Escreva
uma carta, meu amor
Tava a
fim de um teretetê de pé de ouvido com uma amiga. Umas informações, umas
fofocas, uns lamentos. Anunciei a intenção por telefone. Ela de prima sugeriu:
“porque não contas por carta? Acho tão legal receber carta. Tão respeitoso. Me
sinto importante. Encontrável. Divago até mesmo em rasantes filosóficos. Ora,
eu recebo cartas, logo, eu existo.”
Reconheço
que existam pessoas especiais que mereçam efemérides personalizadas, datadas, e
carimbadas, escritas em papel leve e macio. Eu acho muito bacana, também,
receber cartas.
Acontece
que para quem escreve, do cabeçalho até o carimbo do correio, a epístola é uma
aventura voluntariosa. Remeter uma carta é uma intenção cega, surda e muda,
concebendo momentos de realizações nobres como rabiscar um papel.
É de
bom tom, que a carta seja escrita a mão. Assim a gente é reconhecido. A letra
de próprio punho é a nossa identidade. O nosso estado de espírito. Exprime a
nossa saudade nos parágrafos iniciais, quando a tinta desliza singela sobre a
seda disponível. Nos parágrafos intermediários, é ansiosa e cambaleante
revelando incertezas e pecados na coordenação motora. No final das contas, a
tinta é um borrão só decifrável com preciosa boa vontade, dizendo do nosso
cansaço e do desejo de desabar na cama. Enfim, uma carta escrita a mão, como
deve ser, nos traz do passado o nome da palavra escrita e um adjetivo realista
para ela: a minha caligrafia é tão feia (ou numa versão ginasiana, “égua do
garrancho, moleque”).
Não tem
problema. O que interessa é que a amiga receba umas linhas, no caso, umas mal
traçadas linhas. E a gente se adianta na missiva. E ponto final, acabou o
mingau. A gente data e assina. Mas o sofrimento só está começando.
O
envelope eu sei, eu sei. A gente tem certeza que tem um envelope guardado por
aí exatamente para essas ocasiões. Ali, na gaveta. Numa daquelas pastas em cima
do guarda-roupa. No armário, pr’os meninos não pegarem? É fatal, a gente sabe
que tem um envelope em casa, mas quando precisa, nunca acha. No quinto dia de
buscas, a gente desiste, e num misto de revolta e preguiça, vai até a papelaria
e compra uns dez envelopes. Um, para o uso imediato. Os outros, desaparecerão,
por certo.
A carta
está pronta. Novidades mis. Fofocas desconcertantes, lamentos consoláveis.
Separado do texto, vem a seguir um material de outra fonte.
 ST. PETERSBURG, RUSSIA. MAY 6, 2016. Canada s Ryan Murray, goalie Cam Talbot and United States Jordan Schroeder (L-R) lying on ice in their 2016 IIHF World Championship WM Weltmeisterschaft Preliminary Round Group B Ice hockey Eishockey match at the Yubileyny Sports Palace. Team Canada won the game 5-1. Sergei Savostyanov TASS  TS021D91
Envelopada e cola... Não, a gente não organiza mais brigada de buscas nenhuma
em favor da cola. Vai até a cozinha, avança na panela de arroz, esmigalha uns
quantos grãos entre os dedos nervosos e com aquela massa do cereal recém
cozido, lambregalha as bordas do envelope. Pronto, está colada.
Monta
na bike e se manda para o correio. Caramba! Não sei o que acontece, mas por
mais tarde que a gente chegue, pela manhã, a agência ainda não abriu, ou por
mais cedo que a gente vá, à tarde, a agência já fechou. O horário deles nunca
combina com o da gente. E tanta coisa pra cuidar! Enfim, a gente faz campana e
consegue conciliar um instantinho. O moço pesa a nossa carta tão levinha e
anuncia o preço. A gente estica o Real até ele, e ele fulminante denuncia a
falta de troco. Ah! Que vontade de brigar, de evocar o nosso direito de
consumidor, mas que nada, não podemos perder esta chance, o lugar na fila, olha
o horário! A gente cata as moedinhas. E ufa! Despacha a carta.
A
amiga, a partir daquele momento, já pode esperar o carteiro chegar e gritar o
seu nome, do portão e mesmo sabendo “quanta verdade tristonha ou mentira
risonha, uma carta nos traz”, verá no subscrito a minha caligrafia e se
entusiasmará com meu esforço em chegar até ali.
Mas aí,
ainda tem aquele lance de extravio, né.